- YOUR ASSIGNMENT:
Exactly the lines from the one holding "دانلود کتاب راهنمای" through the last line of the listing below must appear in the answer, and no pictures.
Start of LISTED RECORDS
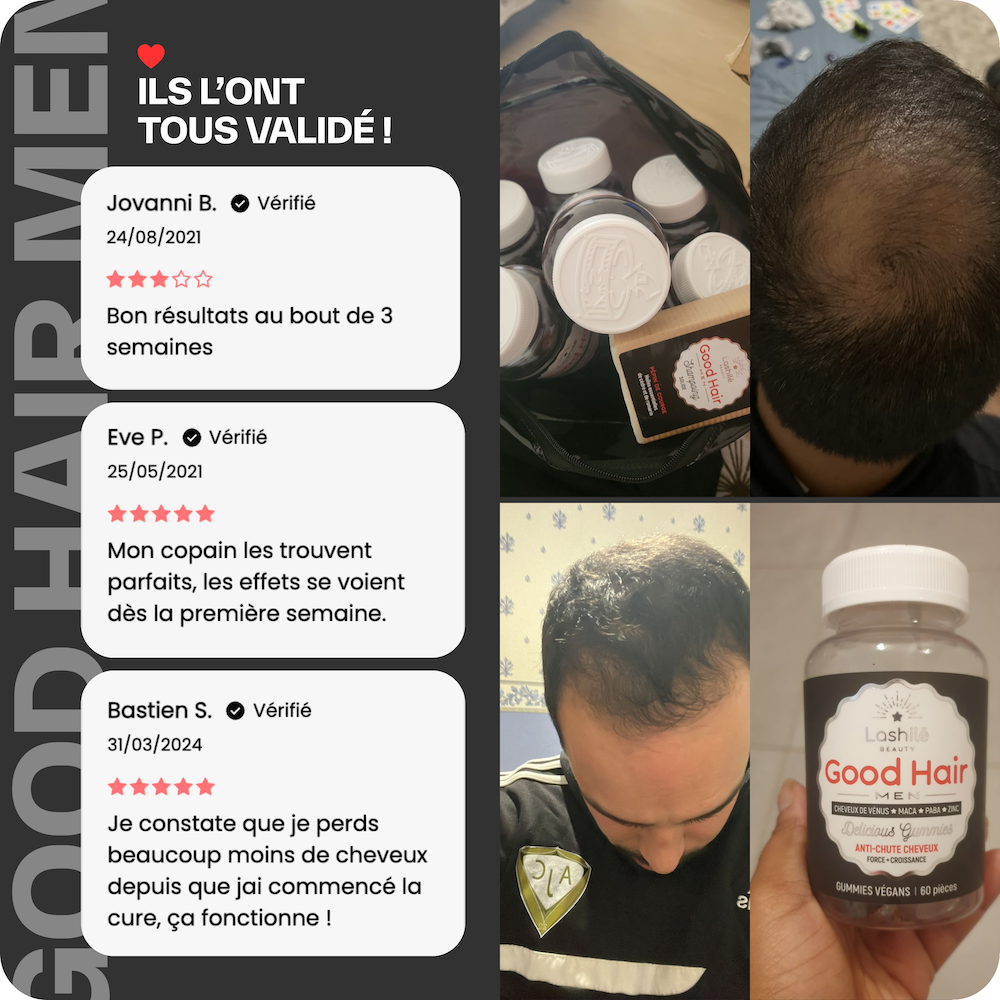 Good Hair Men Tratamiento anticaída para hombres - 6 meses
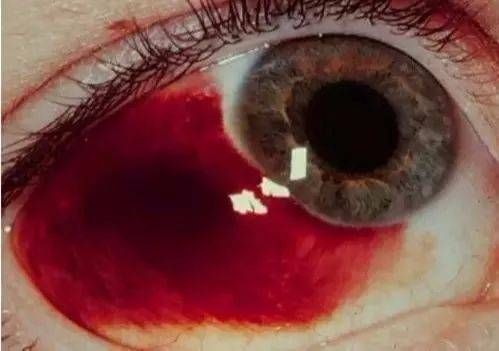 龍魚鱗下出血：龍魚鱗下出血可能是由多種原因引起的，治療方案需要注意 龍魚鱗下出血：龍魚鱗下出血可能是由多種原因引起的，治療方案需要注意 龍魚百科 第2張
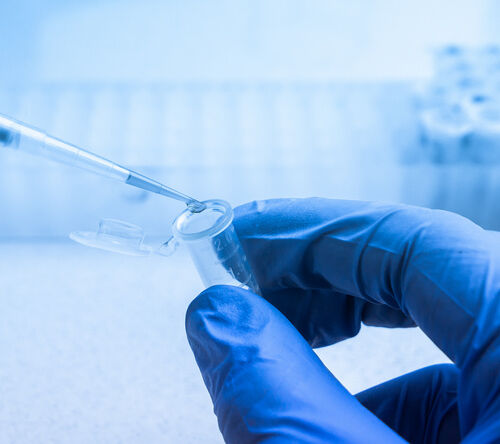 Wpływ leczenia podtrzymującego na odpowiedź hematologiczną i narządową u chorych z amyloidozą łańcuchów lekkich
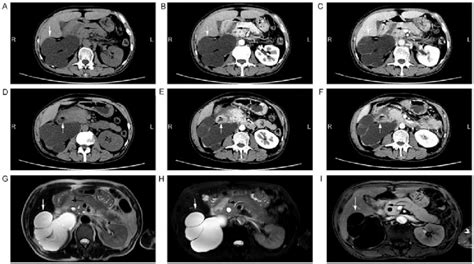 Imaging examination of the abdomen. CT images of the abdomen presented... | Download Scientific ...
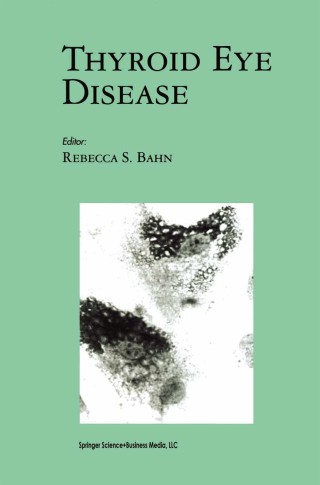 صورة الغلاف: Thyroid Eye Disease 1st edition 9780792373803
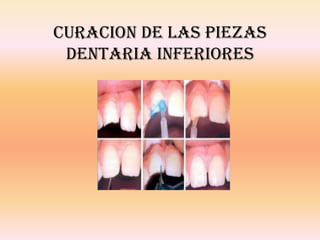CURACION DE LAS PIEZAS
DENTARIA INFERIORES
 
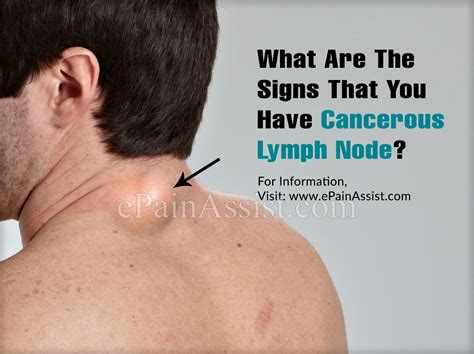 How To Know If You Have Cancer In Lymph Nodes Cancerwalls
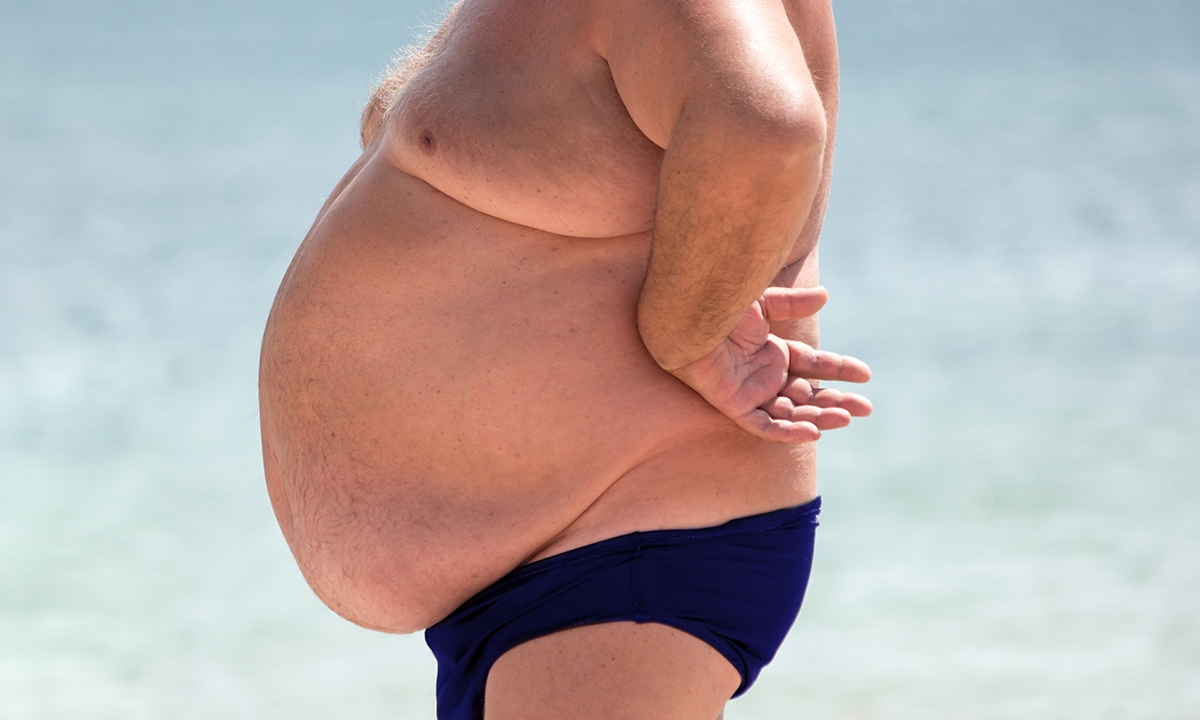 Obesity: we’re not even at first base - Featured Image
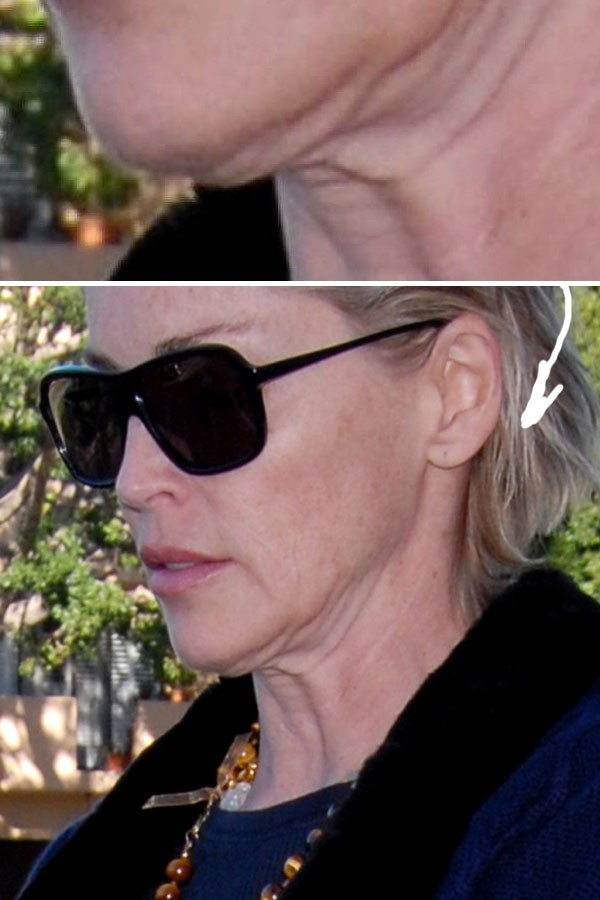 [celebrity_microscope_26.jpg]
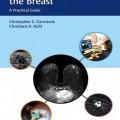 دانلود کتاب راهنمای عملی MRI مختصر از پستان<br>Abbreviated MRI of the Breast: A Practical Guide, 1ed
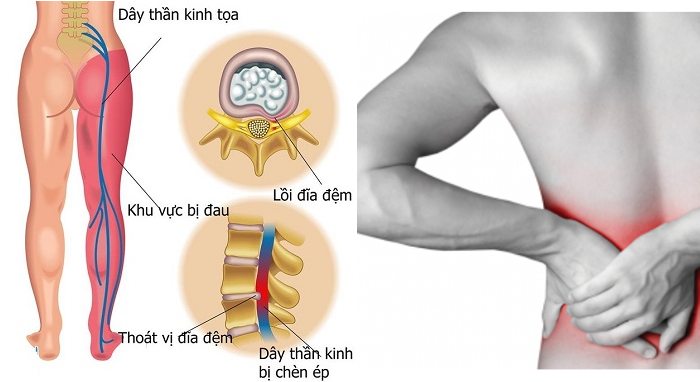 Degenerative Disc Disease - Ảnh minh họa 3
End of LISTED RECORDS
- EXERCISE OUTPUT:
 دانلود کتاب راهنمای عملی MRI مختصر از پستان<br>Abbreviated MRI of the Breast: A Practical Guide, 1ed
 Degenerative Disc Disease - Ảnh minh họa 3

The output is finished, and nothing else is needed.